練習を始めるにあたり、まずは近くの林から切り出した木材でゴールポストを作り、ゴールネットは不要になったモスキートネット(蚊帳)を活用し、手作りでハンドボールコート作りました。色々と苦労しましたが、所属先の学校が第1回ウガンダ小学校教員養成学校ハンドボール大会で見事優勝することができました。

(JICA)ハンドボールを知らなかった生徒たちを優勝に導くとは!生徒たちにとっても忘れられない思い出になったことと思いますし、新しいことに挑戦する楽しみを分かってくれたんではないでしょうか。3年半の活動の後、コロナのために緊急帰国となってしまいましたが、心残りなことも多かったのではないでしょうか?

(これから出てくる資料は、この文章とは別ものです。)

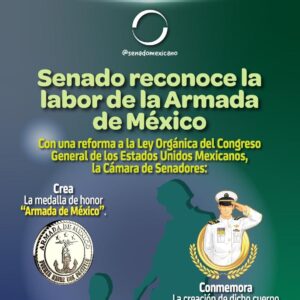 El Senado reconoce la labor de la Armada de México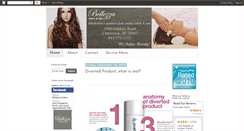 Desktop Screenshot of bellezzasalonspa.blogspot.com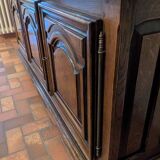 Cabinet no. 2, 3 doors solid oak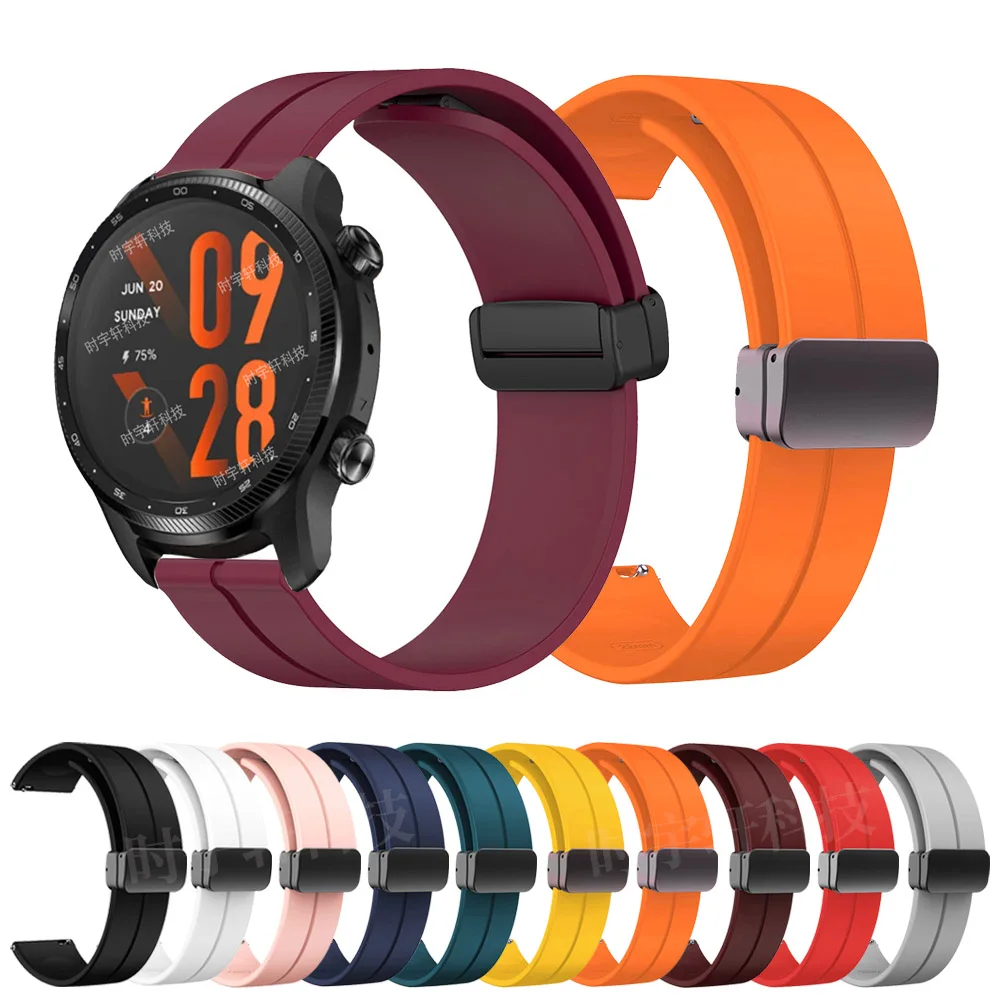Para TicWatch Pro 3 Ultra GPS Smartwatch Correa de silicona 20mm 22mm banda para Ticwatch Pro 3/Pro X/2020/GTX/E2 S2/GTH E E3 Correas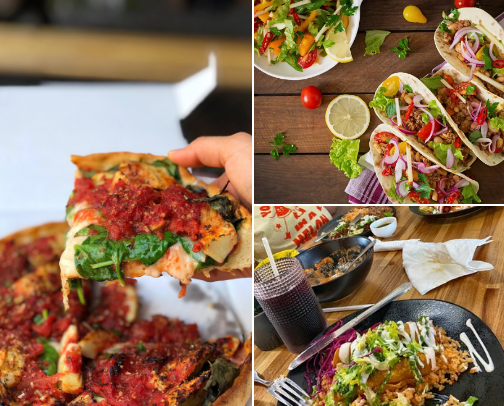 Vegan Restaurants Chicago/Chicago Suburbs cover photo collage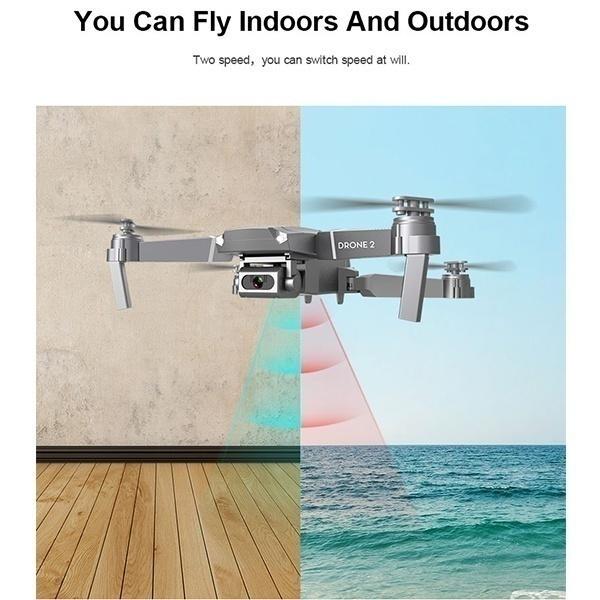Toy Gift E68 Mini Drone Wide Angle 4K 1080P WiFi FPV Camera Drones Height Holding Mode RC Foldable Quadrotor Dron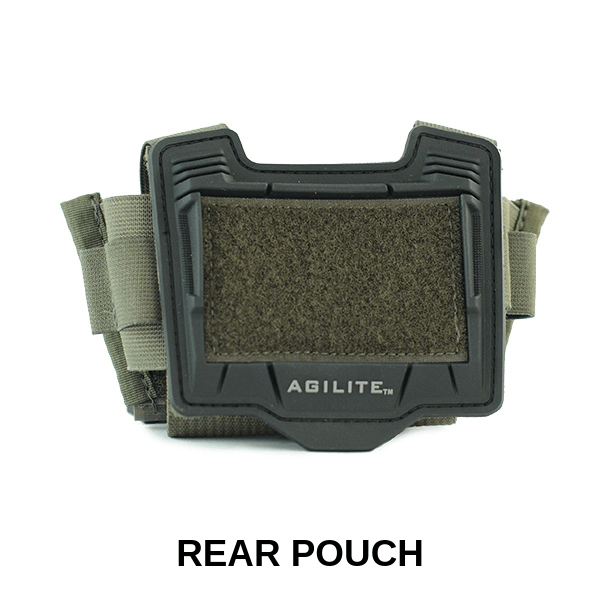 Rear Pouch for the Ops Core Helmet Cover (4428766969989) (8018941116701)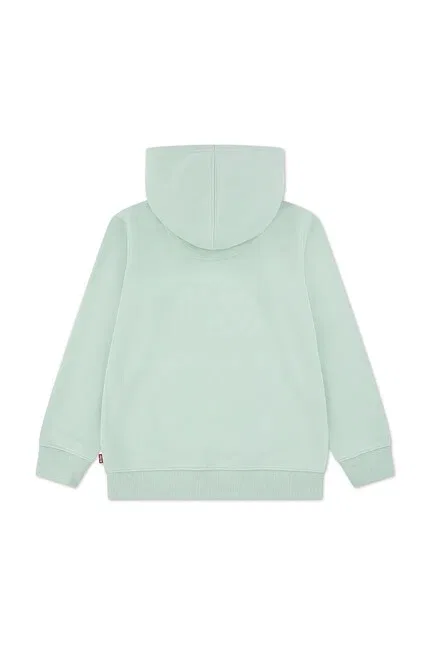 Худи детское с капюшоном Mini Batwing Pull Over Hoo Levi's, зеленый — фото 3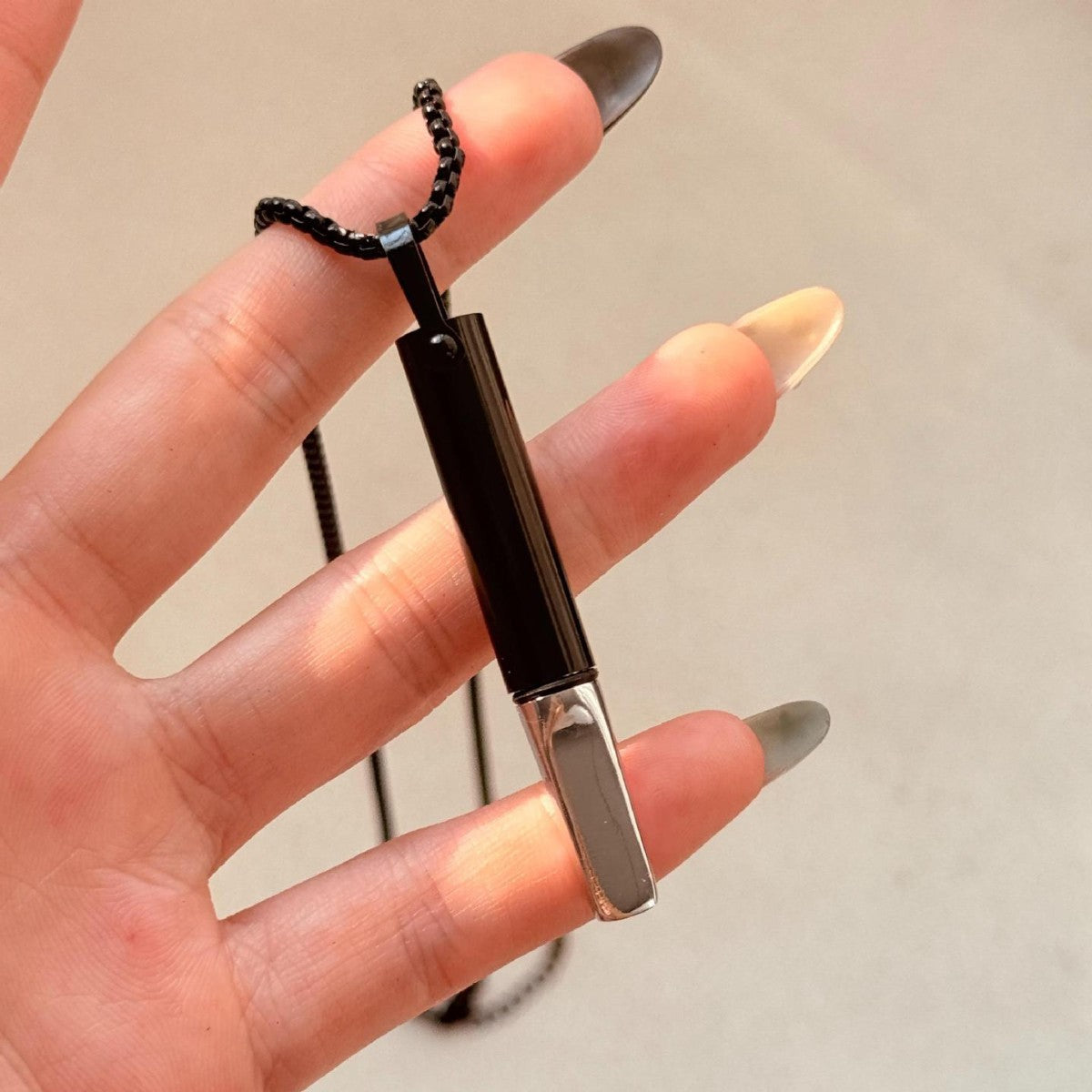 Elegant Titanium Steel Geometric Pendant Necklace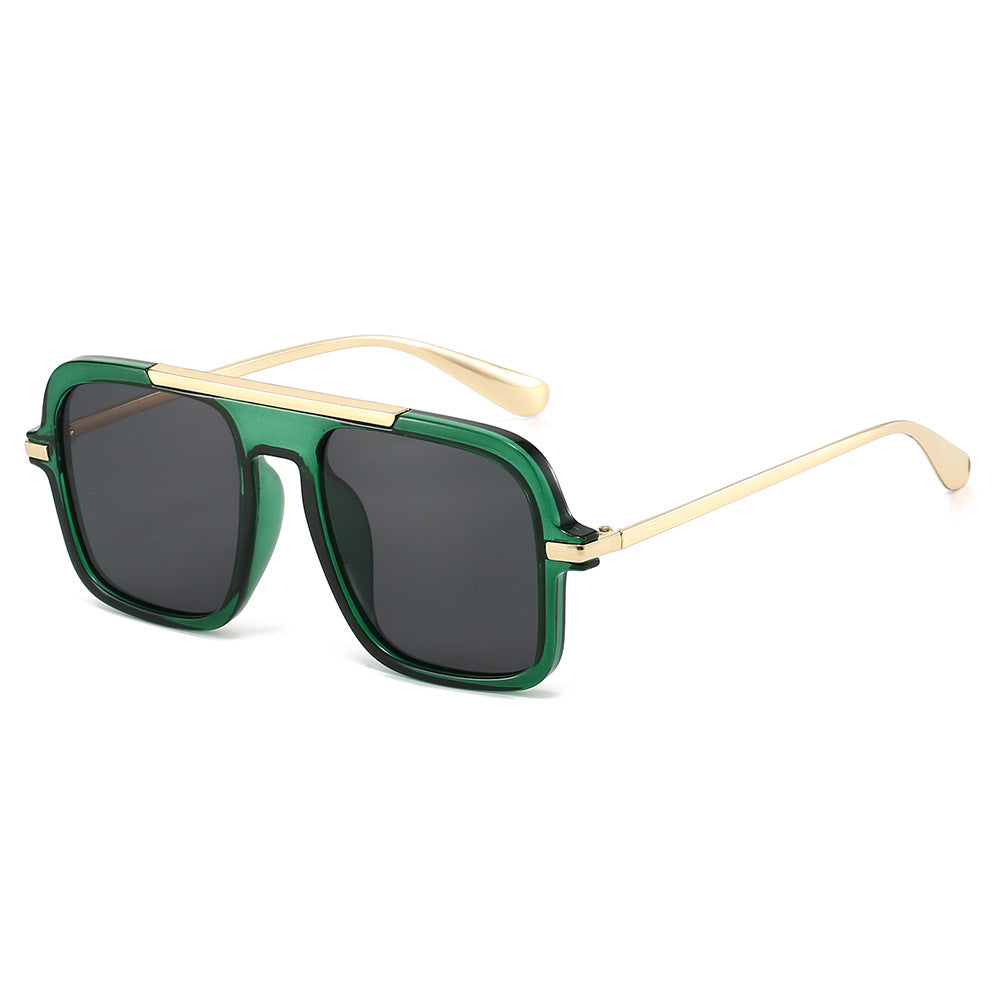 Damen modische Sonnenbrille mit angesagtem quadratischem Rahmen Brehn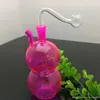 Rauchpfeifen Die Farbe von Wasserglasschnupfflaschenkürbis, Großhandel Bongs Ölbrennerrohre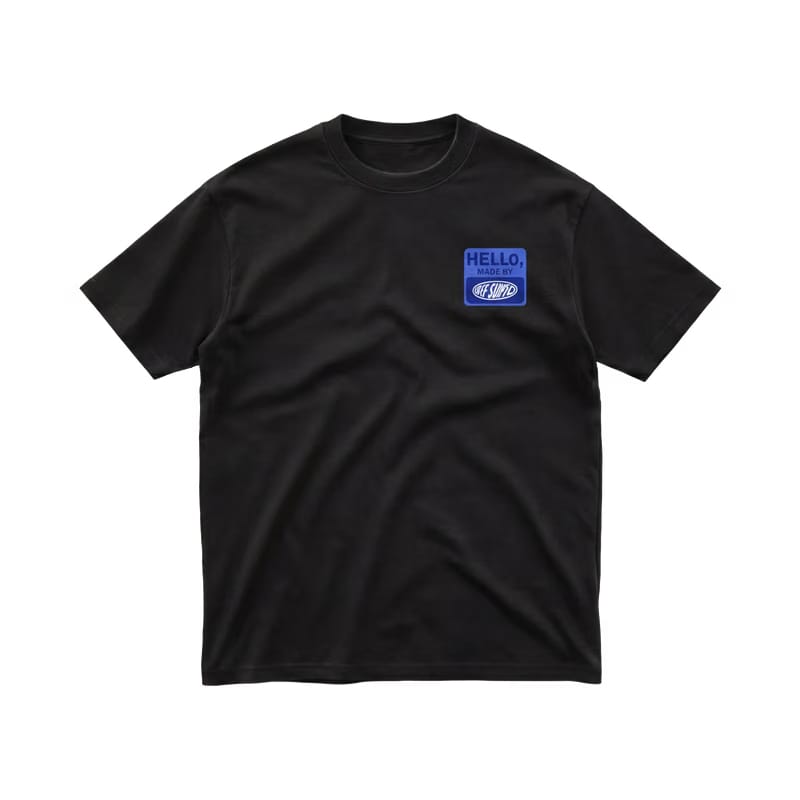 Off supply Bored black T-shirt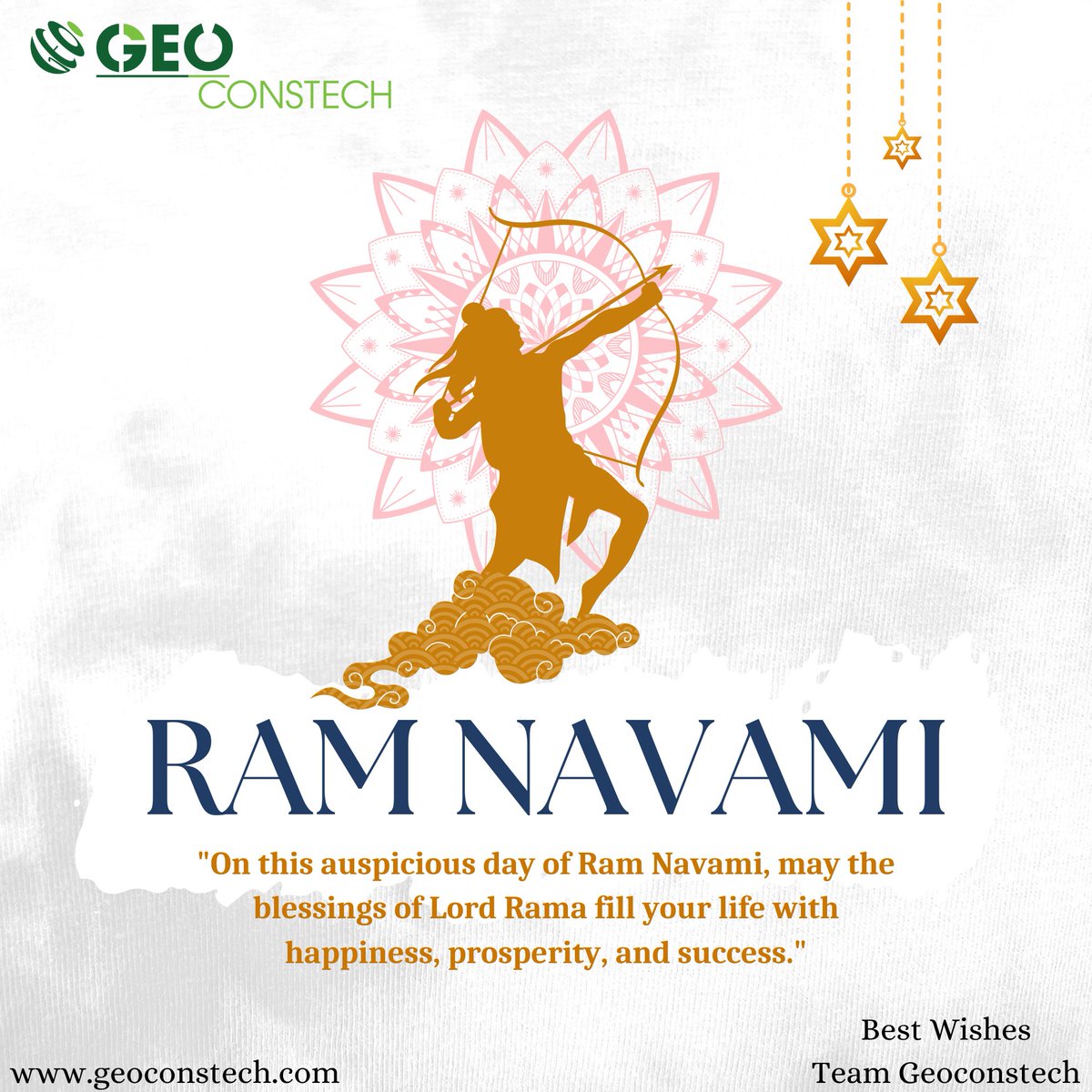 GeoConstech34's tweet photo. "WE TAKE PRIDE IN DELIVERING PROMISES EVEN OUTSIDE COMFORT ZONE"

#HappyRamNavami2023 #geoconstech #gcpl #sanjayaeron #construction #constructionbusiness #constructionmanagement #engineeringdesign #clients #employees #projects #engineering #india  #infrastructure https://t.co/v0emPQsYd5
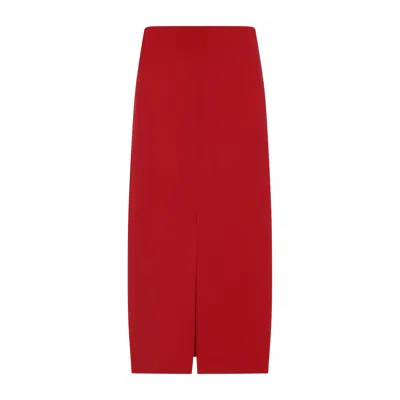 Carven Acetate Midi Skirt Women In Red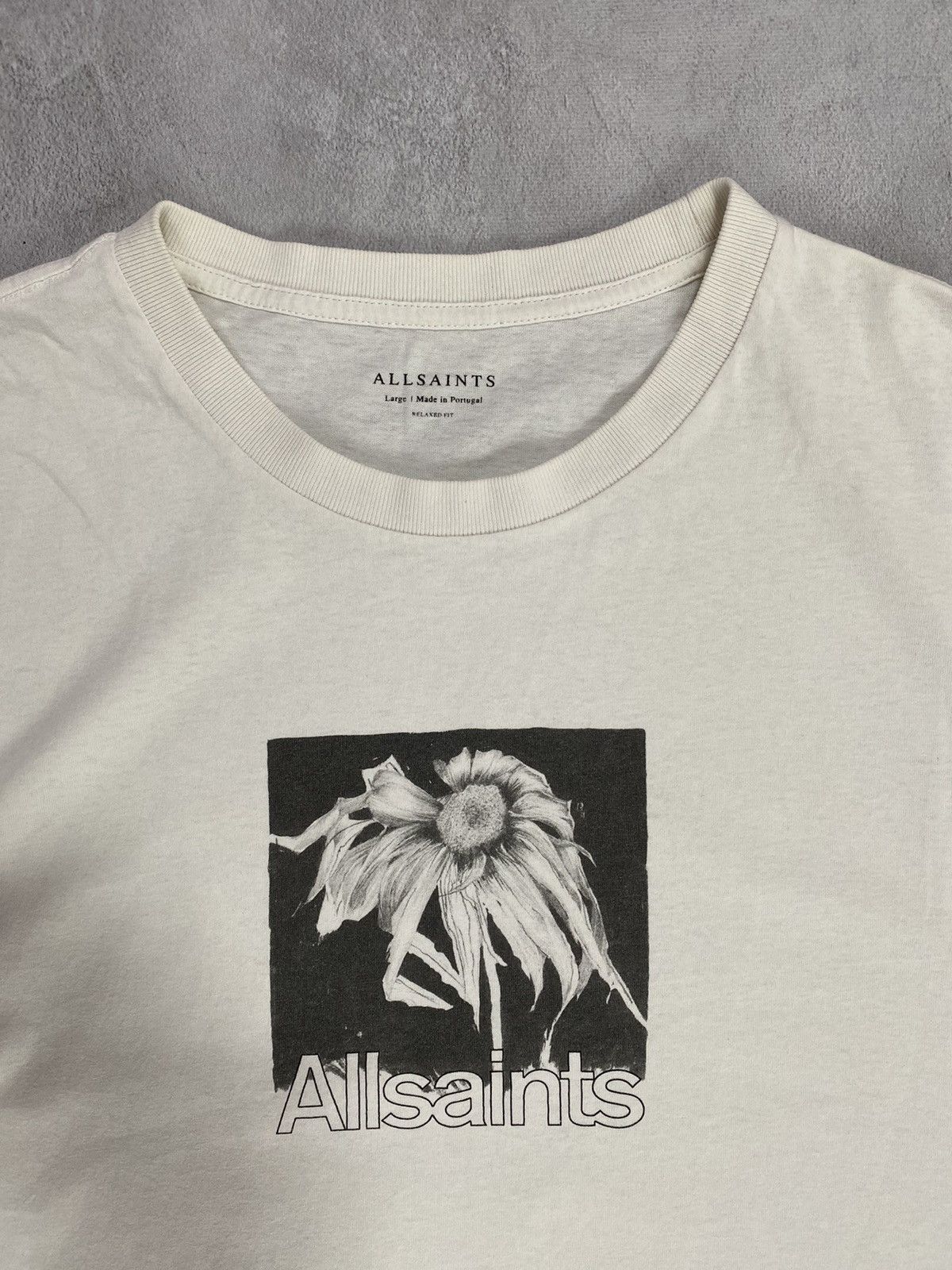 Allsaints Vintage Luxury Oversized T-Shirt ALLSAINTS Dead Flower 🥀 Size US L / EU 52-54 / 3 - 4 Thumbnail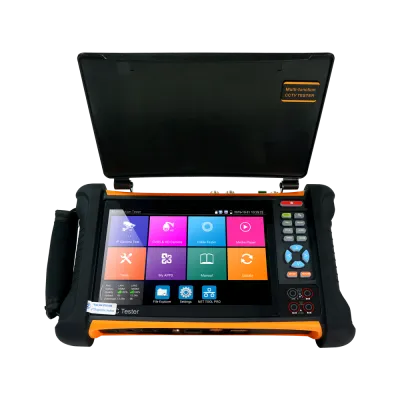 AVYCON - AIVO-70A8KM - 7" ALL-IN-ONE Network Tester, 8K IP Stream, 8MP TVI, AHD, CVI & Analog Compatible, Touch Screen 1920x1200 High Definition with OSD menu, IP Camera (ONVIF), PTZ (RS232/RS485), Digital Multi-meter, DC/AC voltage measurement, PoE 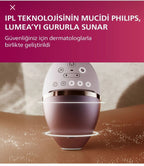 Phılıps Şarjlı ve elektrikli Sınırsız Atışlı Lazer Epilasyon Cihazı 5 başlık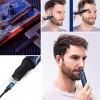 CAFFIA Tondeuse à cheveux nez et oreille, coupe-cheveux rechargeable USB sans douleur professionnel pour hommes et femmes, im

(川並さん)2020年3月に緊急帰国する時点で、PTCでは小学生の発達段階(学年)に応じた適切な体育指導法を学習していたところでした。本当なら、あと半年、私の任期が残っている時期でしたし、学生たちがようやく理解しつつあったところだったので、実技体験を通してもう少し実践的な指導方法を習得させたかったです。

(JICA)活動を終えて、帰国する際はどのような思いがありましたか?参加する前と後とでは、心境の変化などありましたか?

(川並さん)ウガンダの活動では思うようにできなかったことが多々ありましたが、生活や活動のすべてを通して異文化の中で生きていく難しさとそれを乗り越えていく楽しさを同時に体験できたと思います。これまではあまり深く物事を考えずに動くほうでしたが、色々な場面で物事を一方向からだけではなく色々な方向から見つめ考え、そして行動するようになったと思います。
特に小学校教員の養成に携わったので、「良い教師とは」また「人を育てるとは」どういうことかを深く考えるようになりました。またウガンダの生活を通して日本を見ると、決して文化や科学が発達していることが幸せであるとは言えないことも多々あると思うようになりました。

(JICA)日本での経験も豊富な川並さんも、ウガンダという異なる環境では、新たな発見や気づきがあったんですね。これから協力隊を目指す人や、現在、隊員として活動されている人に向けたメッセージをお願いします。

(川並さん)まず一歩を踏み出しましょう。
上手く行ったこと(成功)は自信になります。
上手くいかなかったこと(失敗)は工夫と努力によって成功と自己成長への材料となります。
協力隊への受験・派遣前国内研修・現地活動・帰国後の活動など体験することのすべてが自分の成長につながります。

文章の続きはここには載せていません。